18. Force Majeure:  Any delay or failure of either party to perform its obligations under the Purchase Order or any agreement will be excused to the extent that Seller is unable to produce, sell or deliver, or Purchaser is unable to accept delivery, or use, the Goods covered by the order or any agreement, directly as a result of an event or occurrence beyond the reasonable control of such party, without such party’s fault or negligence (a “Force Majeure Event”), including, if applicable, actions by any governmental authority (whether valid or invalid), pandemic, epidemic, mechanical breakdown, shortages or delays in obtaining suitable parts or equipment, material, labor or transportation, labor strikes, utility shortages, blackouts or disruptions, fires, floods, hurricanes, windstorms, explosions, riots, national disasters, war and sabotage or acts of terrorism, provided that written notice of such force majeure event (including the anticipated duration of the delay) must be given by the affected party to the other party as soon as possible.  

19. Severability:  Should any provision of these Terms and Conditions be declared or determined by a court of competent jurisdiction to be illegal or invalid, the validity of the remaining parts, terms or provisions shall not be affected thereby and said illegal or invalid part, term or provision shall be deemed not a part of the agreement. 

20. Entire Agreement:  The Agreement set forth on the face of Seller’s order acknowledgment or Purchase Order and any attached exhibits shall constitute the entire Agreement of the parties and correctly states the rights, duties, and obligations of each party as of the document’s date.
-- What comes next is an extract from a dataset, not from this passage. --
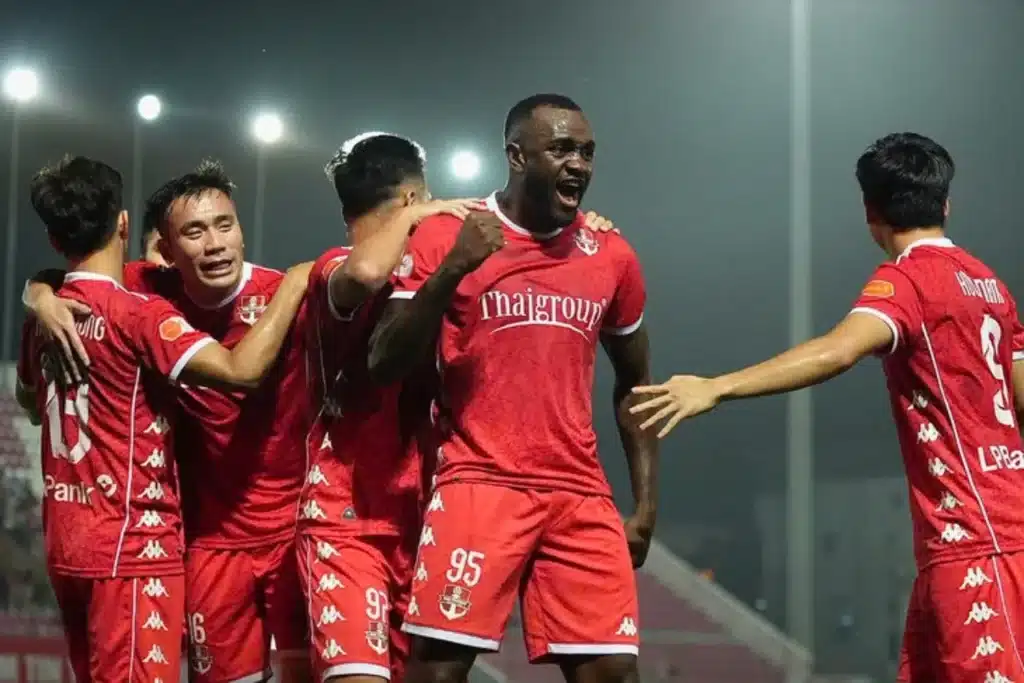 Hải Phòng thắng ấn tượng ở vòng 10, leo lên vị trí thứ 3.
Any prior Agreement, promises, negotiations, or representations between the parties not expressly stated in the purchase agreement or in these Terms and Conditions are not binding upon United Resin.  

21. Waiver of Jury Trial:  PURCHASER AND SELLER ACKNOWLEDGE THAT THE RIGHT TO TRIAL BY JURY IS A CONSTITUTIONAL ONE, BUT THAT IT MAY BE WAIVED. EACH OF PURCHASER AND SELLER, AFTER CONSULTING (OR HAVING THE OPPORTUNITY TO CONSULT) WITH COUNSEL OF ITS CHOICE, KNOWINGLY, VOLUNTARILY AND INTENTIONALLY WAIVE ANY RIGHT TO TRIAL BY JURY IN ANY ACTION OR OTHER LEGAL PROCEEDING ARISING OUT OF OR RELATING TO ANY OF THE CONTRACT DOCUMENTS OR TERMS AND CONDITIONS OR OTHER DOCUMENT PERTAINING TO ANY ORDER OR THE RELATIONSHIP BETWEEN THE PARTIES.  
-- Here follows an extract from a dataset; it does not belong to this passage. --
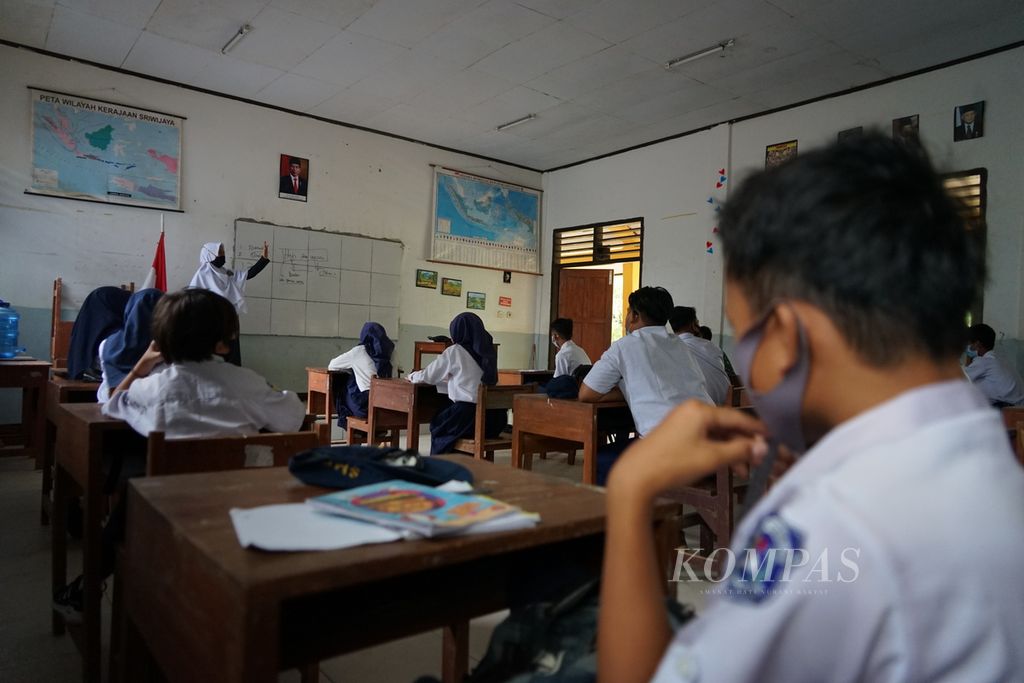 Siswa-siswi SMP Negeri 19 Kendari, Sulawesi Tenggara, mengikuti pembelajaran tatap muka pada Rabu (6/1/2021).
22. Execution and Exchange of Documents:  Any documents that are required under these Terms and Conditions may be issued or returned electronically and executed via electronic means and in one or more counterparts, which counterpart shall be effective upon execution of all necessary parties or one or more such counterparts. Facsimile and/or fax signatures shall be deemed to be of the same force and effect as original signatures and may be accordingly relied upon by the parties.